My son gave me this terrific pop-up book for my birthday, and I greatly enjoyed perusing it. Although written for inquisitive youngsters, it holds plenty of delights for adults as well.
The pop-ups are cleverly done and well constructed, and each page not only contains one or more detailed and lifelike bugs -- or in one case an entire wasp's nest -- but also a treasure trove of little flaps that can be pried up to reveal more details on various aspects of bugs' lives.
The page on "How Bugs Work," for example, has panels that open to disclose how bugs' breathing and circulation work, how they mate and reproduce, how their nerves and senses function, and how they eat and digest. These short explanations, though quite simplified, give the budding entomologist essential information.

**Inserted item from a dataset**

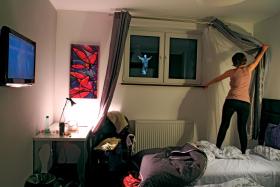 Nad sprzątającymi swe domostwa...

The most spectacular pop-up is the final one, on the page entitled, "My Ultimate Bugs." It's of a fat-tailed scorpion, first in a pantheon of "ultra" bugs: it is the most poisonous, while the strongest is the Hercules Beetle - able to lift 800 times its body weight; the heaviest the Goliath Beetle, weighing as much as 3.5 ounces; and -- I have to say this delights me but I never wish to encounter it -- the loudest is the Dog-Day Cicada, whose alarm call "can reach over 100 decibels, which is louder than a chain saw and loud enough to damage your hearing."